I watch a lot of Bonanza episodes. One was a “funny” Hoss ep where he teamed up with a guy who invented a machine that could detect gold in the ground. It was a big steam powered Rube Goldbergian device with many gauges and levers that had to be operated in a specific sequence. At one point Hoss worked the levers in the wrong sequence and the device exploded. Hoss was left with torn up clothes, a blackened face and a chastened expression, but otherwise unharmed, just like Wile E. Coyote. Plenty of the funny clown music you mention was involved.
This was in contrast to another serious, dramatic Bonanza ep I had recently watched where Ben, his sons, plus another man and his sons had to transport crates of nitroglycerin over a mountain pass for plot reasons. It was very tense and suspenseful, and (spoiler alert) one of the other man’s sons (the favorite son, of course) gets himself blowed up. Not funny blackened-soot face blowed up, nothing left to bury blowed up.
Sorry about that. I was a married employed adult when ER started, but I’m trying these days to acknowledge that things that happened before some of my coworkers were born do count as “old”
Oh gawd yes. In th Sharona years, he could use a cell phone, a tv remote, and even smiled. By the later Natalie years he was confused and frightened by our modern world, and relied on Natalie to “make picture freezer” with the remote. And it was “known” that Monk never smiled.
The Sven and Lena couple in The Searchers were embarrassingly bad.

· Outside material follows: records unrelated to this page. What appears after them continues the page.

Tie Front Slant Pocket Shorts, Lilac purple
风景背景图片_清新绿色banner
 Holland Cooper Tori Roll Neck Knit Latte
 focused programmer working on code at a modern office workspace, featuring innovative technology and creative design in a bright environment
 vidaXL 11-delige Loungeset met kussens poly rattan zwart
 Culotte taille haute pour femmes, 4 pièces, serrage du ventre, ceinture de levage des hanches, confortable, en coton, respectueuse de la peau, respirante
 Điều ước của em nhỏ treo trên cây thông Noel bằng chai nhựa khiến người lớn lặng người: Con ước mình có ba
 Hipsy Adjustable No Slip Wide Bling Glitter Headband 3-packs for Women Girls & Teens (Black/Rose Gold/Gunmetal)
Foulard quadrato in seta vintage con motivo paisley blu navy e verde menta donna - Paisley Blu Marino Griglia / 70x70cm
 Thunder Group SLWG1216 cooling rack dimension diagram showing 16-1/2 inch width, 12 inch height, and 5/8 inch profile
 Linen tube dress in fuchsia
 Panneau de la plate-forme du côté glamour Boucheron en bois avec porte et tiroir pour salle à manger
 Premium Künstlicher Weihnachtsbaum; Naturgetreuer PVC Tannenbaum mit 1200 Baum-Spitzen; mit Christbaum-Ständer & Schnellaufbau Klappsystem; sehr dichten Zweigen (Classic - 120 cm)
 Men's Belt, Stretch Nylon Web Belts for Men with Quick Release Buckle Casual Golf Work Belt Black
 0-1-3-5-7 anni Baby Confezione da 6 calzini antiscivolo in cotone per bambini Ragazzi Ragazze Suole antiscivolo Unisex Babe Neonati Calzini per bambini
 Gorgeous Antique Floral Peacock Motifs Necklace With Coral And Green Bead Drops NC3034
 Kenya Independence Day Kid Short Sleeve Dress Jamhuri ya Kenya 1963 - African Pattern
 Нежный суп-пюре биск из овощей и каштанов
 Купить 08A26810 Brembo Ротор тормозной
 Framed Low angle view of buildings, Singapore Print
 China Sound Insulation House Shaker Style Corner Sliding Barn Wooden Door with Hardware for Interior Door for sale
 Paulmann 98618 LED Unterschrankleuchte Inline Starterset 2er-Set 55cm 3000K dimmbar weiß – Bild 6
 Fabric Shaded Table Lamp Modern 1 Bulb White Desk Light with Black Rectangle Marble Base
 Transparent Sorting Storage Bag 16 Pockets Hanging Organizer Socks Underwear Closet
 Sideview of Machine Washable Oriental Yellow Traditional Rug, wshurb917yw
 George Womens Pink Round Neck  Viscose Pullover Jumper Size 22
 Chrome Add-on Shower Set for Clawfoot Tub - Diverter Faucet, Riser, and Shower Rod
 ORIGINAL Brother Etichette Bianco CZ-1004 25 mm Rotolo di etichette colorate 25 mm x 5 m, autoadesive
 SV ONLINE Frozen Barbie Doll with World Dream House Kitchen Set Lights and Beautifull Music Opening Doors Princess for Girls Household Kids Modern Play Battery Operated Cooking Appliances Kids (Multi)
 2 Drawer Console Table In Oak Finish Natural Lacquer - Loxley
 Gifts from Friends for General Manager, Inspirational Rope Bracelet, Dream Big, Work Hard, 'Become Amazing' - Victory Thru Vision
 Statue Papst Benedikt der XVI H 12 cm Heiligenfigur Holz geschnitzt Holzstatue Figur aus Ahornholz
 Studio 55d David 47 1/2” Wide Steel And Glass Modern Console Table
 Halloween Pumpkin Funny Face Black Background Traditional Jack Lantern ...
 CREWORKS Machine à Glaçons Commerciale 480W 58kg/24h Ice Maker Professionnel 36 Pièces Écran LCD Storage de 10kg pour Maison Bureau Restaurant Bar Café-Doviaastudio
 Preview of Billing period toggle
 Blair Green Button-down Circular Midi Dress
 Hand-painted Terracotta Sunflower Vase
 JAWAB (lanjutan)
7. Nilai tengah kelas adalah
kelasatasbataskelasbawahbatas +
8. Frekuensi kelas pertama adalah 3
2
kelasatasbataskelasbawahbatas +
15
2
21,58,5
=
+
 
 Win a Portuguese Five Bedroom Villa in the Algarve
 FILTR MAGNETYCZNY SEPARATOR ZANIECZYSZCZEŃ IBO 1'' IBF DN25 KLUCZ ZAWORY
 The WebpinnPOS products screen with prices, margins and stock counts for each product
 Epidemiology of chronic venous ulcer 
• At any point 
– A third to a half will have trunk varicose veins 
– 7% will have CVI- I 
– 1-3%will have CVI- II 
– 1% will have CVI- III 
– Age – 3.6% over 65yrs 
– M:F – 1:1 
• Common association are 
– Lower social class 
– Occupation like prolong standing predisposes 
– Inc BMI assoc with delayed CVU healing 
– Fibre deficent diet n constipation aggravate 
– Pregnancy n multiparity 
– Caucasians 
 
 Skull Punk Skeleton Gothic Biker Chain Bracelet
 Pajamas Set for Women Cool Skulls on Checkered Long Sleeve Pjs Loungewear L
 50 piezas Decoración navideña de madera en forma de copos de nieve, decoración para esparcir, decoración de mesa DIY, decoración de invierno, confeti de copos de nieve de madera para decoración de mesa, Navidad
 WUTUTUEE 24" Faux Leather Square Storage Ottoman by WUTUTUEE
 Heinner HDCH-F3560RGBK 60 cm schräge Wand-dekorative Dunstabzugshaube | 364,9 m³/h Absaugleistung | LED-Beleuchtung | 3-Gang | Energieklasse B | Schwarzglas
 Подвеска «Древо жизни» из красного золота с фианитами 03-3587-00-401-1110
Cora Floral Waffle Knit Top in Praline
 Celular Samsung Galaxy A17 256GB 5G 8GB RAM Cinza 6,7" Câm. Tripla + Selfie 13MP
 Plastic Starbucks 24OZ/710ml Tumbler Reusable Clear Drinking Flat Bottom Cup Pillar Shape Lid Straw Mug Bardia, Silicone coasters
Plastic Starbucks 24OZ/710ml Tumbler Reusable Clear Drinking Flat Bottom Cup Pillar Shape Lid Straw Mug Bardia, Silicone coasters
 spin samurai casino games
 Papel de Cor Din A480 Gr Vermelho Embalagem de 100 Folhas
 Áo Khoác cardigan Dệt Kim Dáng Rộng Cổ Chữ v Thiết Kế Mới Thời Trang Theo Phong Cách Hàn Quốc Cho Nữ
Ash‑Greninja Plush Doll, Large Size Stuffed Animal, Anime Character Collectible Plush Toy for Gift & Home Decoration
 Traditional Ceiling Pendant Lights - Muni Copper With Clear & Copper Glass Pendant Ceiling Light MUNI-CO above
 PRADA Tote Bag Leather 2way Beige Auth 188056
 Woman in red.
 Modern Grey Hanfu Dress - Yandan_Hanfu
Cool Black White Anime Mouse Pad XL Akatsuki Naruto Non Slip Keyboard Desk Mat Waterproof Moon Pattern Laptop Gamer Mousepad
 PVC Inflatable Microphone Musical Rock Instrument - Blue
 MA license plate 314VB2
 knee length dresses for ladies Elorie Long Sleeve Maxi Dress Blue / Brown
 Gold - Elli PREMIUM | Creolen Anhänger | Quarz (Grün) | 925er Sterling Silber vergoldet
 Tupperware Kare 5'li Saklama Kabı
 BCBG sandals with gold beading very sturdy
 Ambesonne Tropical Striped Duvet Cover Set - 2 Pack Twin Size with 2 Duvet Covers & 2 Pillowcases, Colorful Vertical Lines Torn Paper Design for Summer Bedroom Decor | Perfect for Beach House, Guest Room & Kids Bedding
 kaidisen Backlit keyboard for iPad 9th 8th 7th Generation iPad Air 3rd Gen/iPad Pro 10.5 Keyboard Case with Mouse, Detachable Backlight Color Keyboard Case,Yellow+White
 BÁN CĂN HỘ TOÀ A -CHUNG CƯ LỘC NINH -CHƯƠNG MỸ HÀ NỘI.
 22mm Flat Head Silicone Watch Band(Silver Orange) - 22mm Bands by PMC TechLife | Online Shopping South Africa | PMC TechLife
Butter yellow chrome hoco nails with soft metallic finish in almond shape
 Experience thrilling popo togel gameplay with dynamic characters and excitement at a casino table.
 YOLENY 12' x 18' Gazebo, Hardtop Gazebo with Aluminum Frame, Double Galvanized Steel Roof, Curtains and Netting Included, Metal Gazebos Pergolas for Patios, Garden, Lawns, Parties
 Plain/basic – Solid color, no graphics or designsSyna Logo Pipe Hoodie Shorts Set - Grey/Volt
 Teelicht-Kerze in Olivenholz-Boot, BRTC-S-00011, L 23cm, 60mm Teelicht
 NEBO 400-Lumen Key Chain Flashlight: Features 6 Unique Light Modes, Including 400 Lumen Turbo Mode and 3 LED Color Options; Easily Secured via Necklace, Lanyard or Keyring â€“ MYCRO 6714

Every time it gets serious out on the titular search, the movie cuts back to the Norweignian joke stereotypes acting like a Minnesota joke.
The premiere of ER is closer to the Apollo 8’s trip around the moon than to today. Kids born when ER premiered could have kids of their own in kindergarten.
I’ve been watching a lot of 30s and 40s movies recently and I notice that a lot of serious films will have out of nowhere “designated comedy bits” with wacky music, and the comedy films will have a bunch of weird serious scenes in them. There’s always the most unnecessary romance in Abbott and Costello films featuring completely third-tier characters and the romance will usually have some weird “life or death” aspect to it.
Sure, it makes me feel old - but that doesn’t cause me pain. When you consider what the sole alternative to growing old is, I’m happy to be getting older!